So the questions I've been getting today are do yesterday's Science articles mean that all biofuels are bad and that the recently passed RFS is going to harm the climate? The short answer is no and no. It remains relatively easy to construct theoretical scenarios where biofuels contribute significantly to our transportation energy needs in a low-carbon way, avoiding the direct and indirect land-use traps addressed in the articles. The challenge remains how do we drive the biofuels industry to produce these types of biofuels.
Unfortunately, most stories today on the articles are righting off all biofuels and giving short shrift to the policy questions. (See this Wired story and this NY Times article.)On the other extreme, Bob Dineen from the Renewable Fuels Association calls these studies "simplistic," and in a comment on my post from yesterday, Tim Raphael from Pacific Ethanol tried to discredit the whole idea of indirect impacts.
The dynamics the authors have identified are undeniable--if you clear land to grow crop for biofuels you have to account for the emissions from that clearing and if you induce clearing by driving up crop and land prices, you also have to take responsibility for those emissions.

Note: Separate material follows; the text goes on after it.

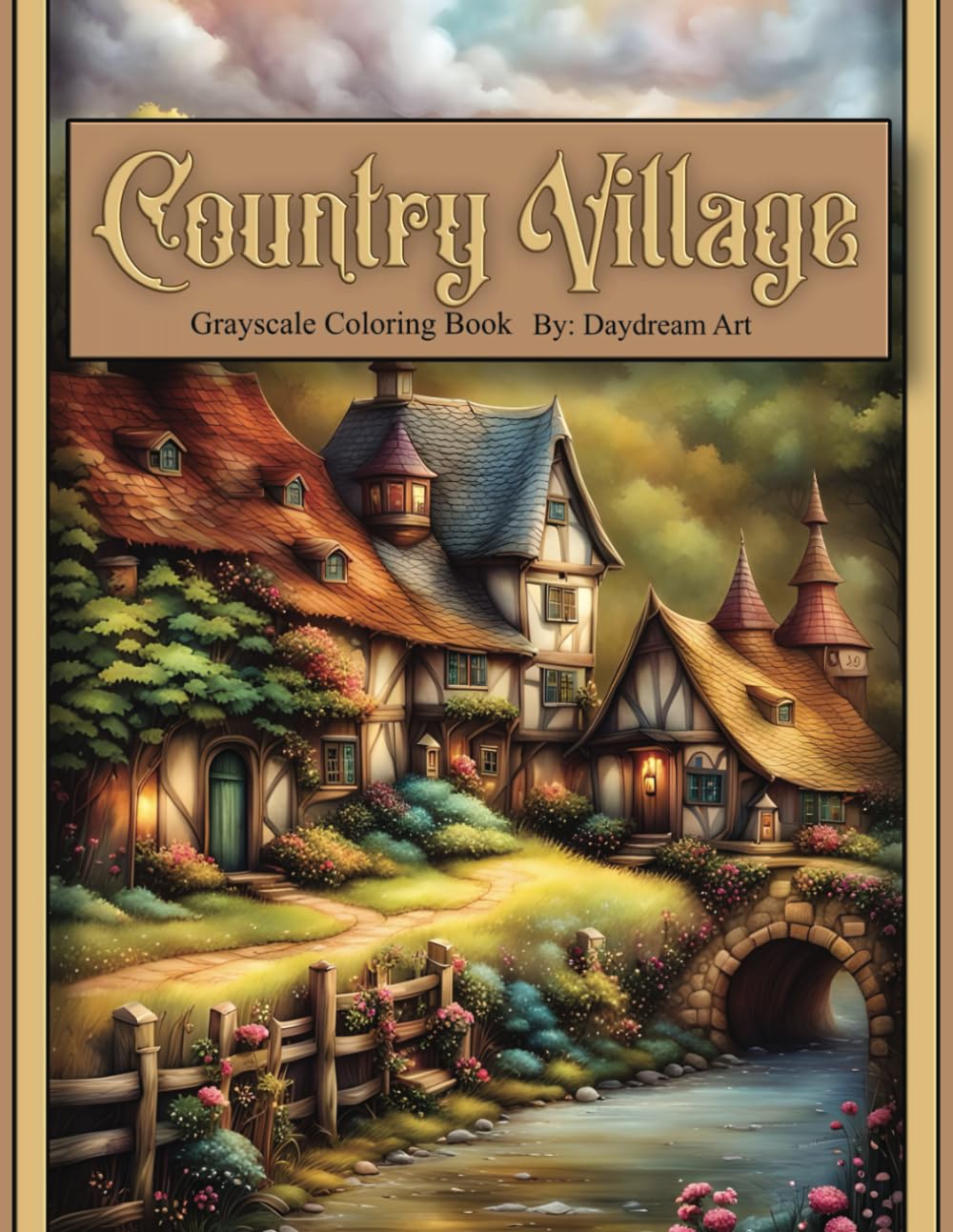 Country Village Grayscale Coloring Book: 50 Peaceful images to color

For laying out these dynamics and giving us a sense of the scale, we all owe them a debt of gratitude, particularly Searchinger and his team because the emissions from indirect land are hard for many to understand. The analysis of the indirect land-use impacts uses one of the most respected agricultural economic models, but it is only that--one model. Others have been doing similar analysis using at least partly a different model and getting different results. And many folks will make the case for different assumptions and inputs into the models.

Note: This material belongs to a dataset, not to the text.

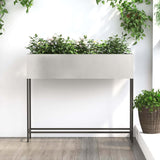 Vaso da Giardino Rialzato Argento 100 x 26 x 82 cm
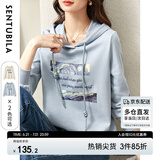 尚都比拉春秋慵懒显瘦连帽星空字母刺绣印花宽松时尚卫衣女 灰蓝色 S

Fortunately, we knew about these dynamic before yesterday, and we’ve won a preemptive victory in getting the dynamics written into the legislation in the form of the land-use safeguards and minimum lifecycle GHG standards (which as I noted a few weeks ago include, by law, the indirect land-use emissions). Now we have to defend these provisions and make sure a scientific debate (not one issue of Science) guides the implementation.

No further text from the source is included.